His approach was quite simple, yet elegant:

By having two production machines running the exact same version of our app, only one of them being live at any given moment handling all user requests and traffic while the other is idle, the new version of our app could be deployed to the idle machine, which is accessible on a different address and/or port, without interrupting the users from accessing our service.

Whenever it was required that the new version went LIVE, this could be easily accomplished by just redirecting traffic from the live to the idle machine while allowing all active requests to gracefully finish. That way, the moment the switch is made, all new requests are handled by the now LIVE machine, while the now IDLE one is in the process of being drained.

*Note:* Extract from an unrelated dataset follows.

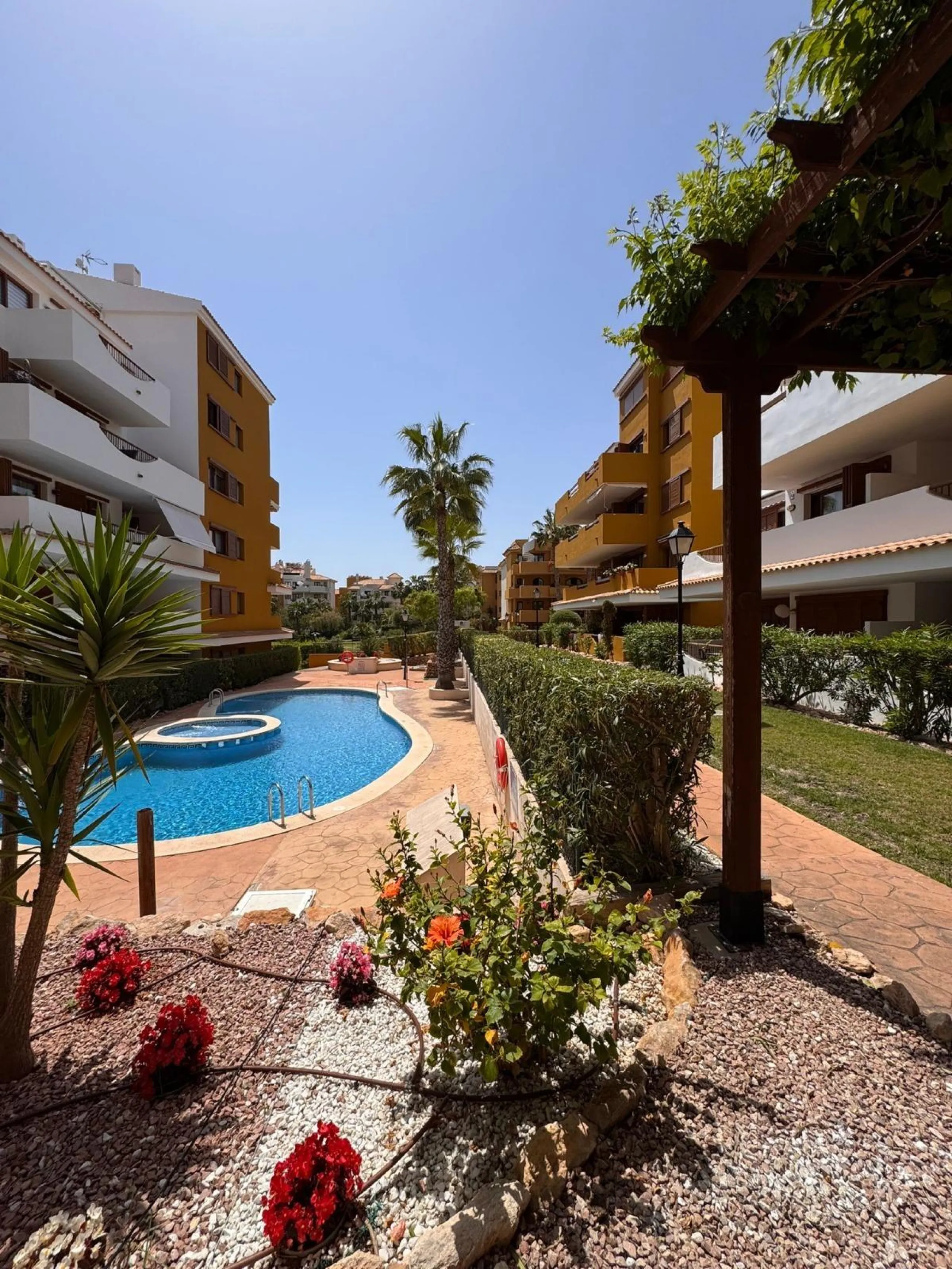 Cozy Apartment in Punta Prima, Torrevieja - Ideal for Enjoying the Mediterranean Sun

The technique is called Blue/Green Deployment (also Red/Black or A/B), and in this article, we are going to implement it using docker swarm.

Prerequisites

In order to proceed with these instructions, you will first need to have:

1. Virtual Machines

Three networked VM's

Manager1, our swarm controller
Worker1, our first swarm worker
Worker2, our second swarm worker

The following ports must be available. On some systems, these ports are open by default

TCP port 2377 for cluster management communications
TCP and UDP port 7946 for communication among nodes
UDP port 4789 for overlay network traffic
TCP ports 3000 and 3001 for connecting our services
TCP ports 80 and 8080 on manager1

The VM's require the following software installed

Ubuntu 16.04 xenial, 64-bit on all machines
Docker Engine 1.12 or newer on all machines (I'm using the latest version)
Nginx 1.10 or newer on manager1

Also, we need to assign fixed IP addresses to those machines. In this article, I will be using 192.168.2.11 for the manager/proxy, 192.168.2.12 for the first worker and 192.168.2.13 for the second worker.

2. Local machine

Our local machine will require the latest version of Docker installed, and also an ssh client of your choice. I'm currently using vanilla Ubuntu 16.04 xenial 64bit with Docker version 17.03.0-ce.

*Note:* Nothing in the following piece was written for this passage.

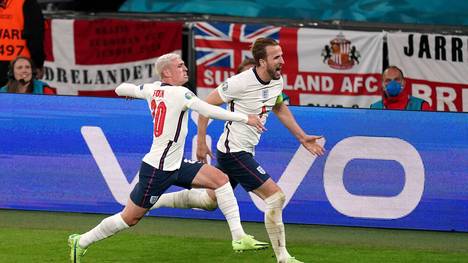 Harry Kane (r.) führte England ins EM-Finale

How does this implementation work?

Using docker swarm, we will create a swarm consisting of a manager and two workers. On it, we will be running two services listening on different ports. These will be our Blue and Green. Each service will be running identical versions of our app.

The swarm will be behind an nginx proxy which will be exposed to the internet. This proxy will determine which service is LIVE and which is IDLE, and will route all incoming traffic on port 80 to our LIVE serice, and all traffic on port 8080 to the IDLE service.

Whenever we need to update our software, we will do so on the IDLE service, while leaving the LIVE one deal with users.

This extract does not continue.